* **Given material**
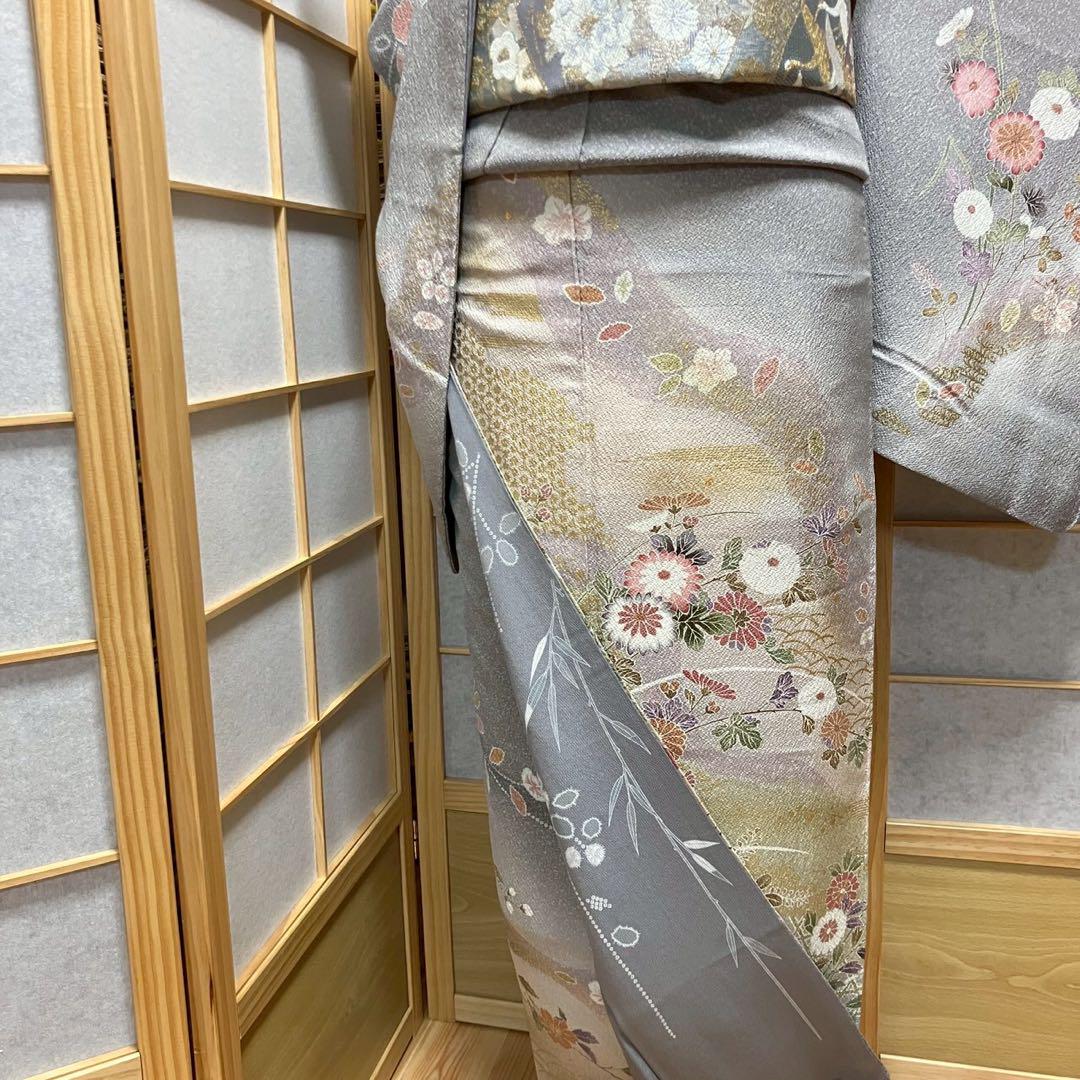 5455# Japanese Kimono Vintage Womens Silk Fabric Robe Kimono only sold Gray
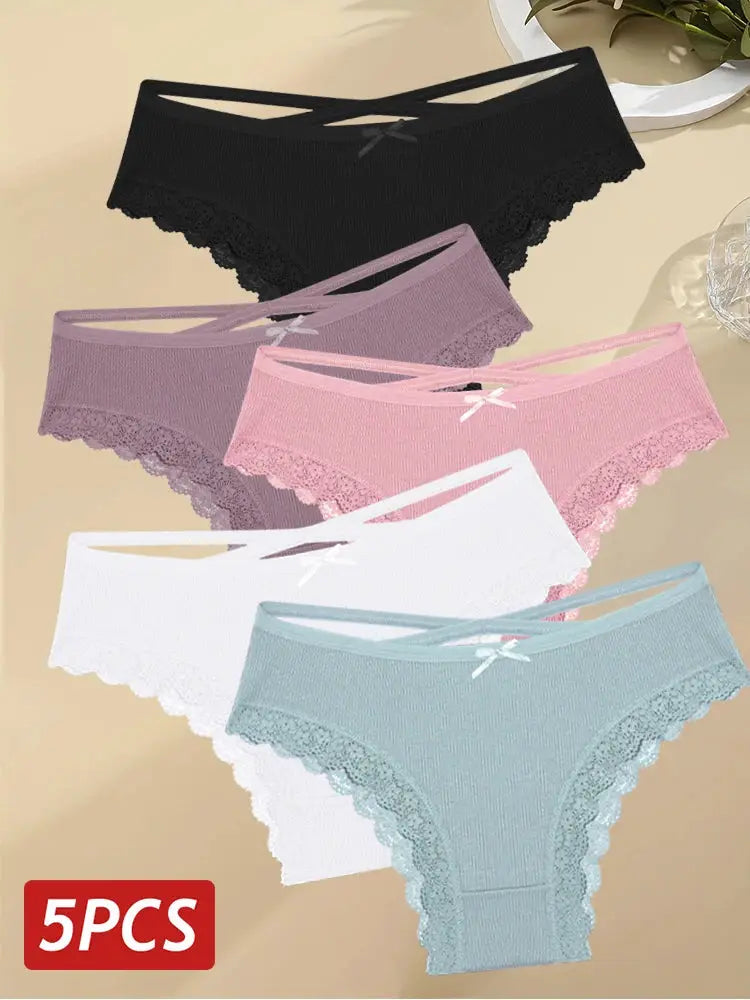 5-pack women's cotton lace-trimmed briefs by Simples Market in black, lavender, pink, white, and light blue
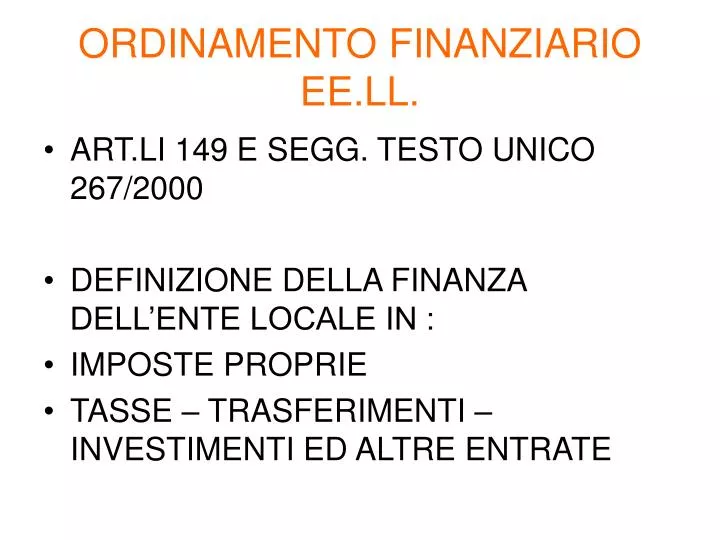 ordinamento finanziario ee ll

* **Aim of the exercise**
Apart from the images, every line above needs to be printed again exactly.

* **Response area**
 5455# Japanese Kimono Vintage Womens Silk Fabric Robe Kimono only sold Gray
 5-pack women's cotton lace-trimmed briefs by Simples Market in black, lavender, pink, white, and light blue
 ordinamento finanziario ee ll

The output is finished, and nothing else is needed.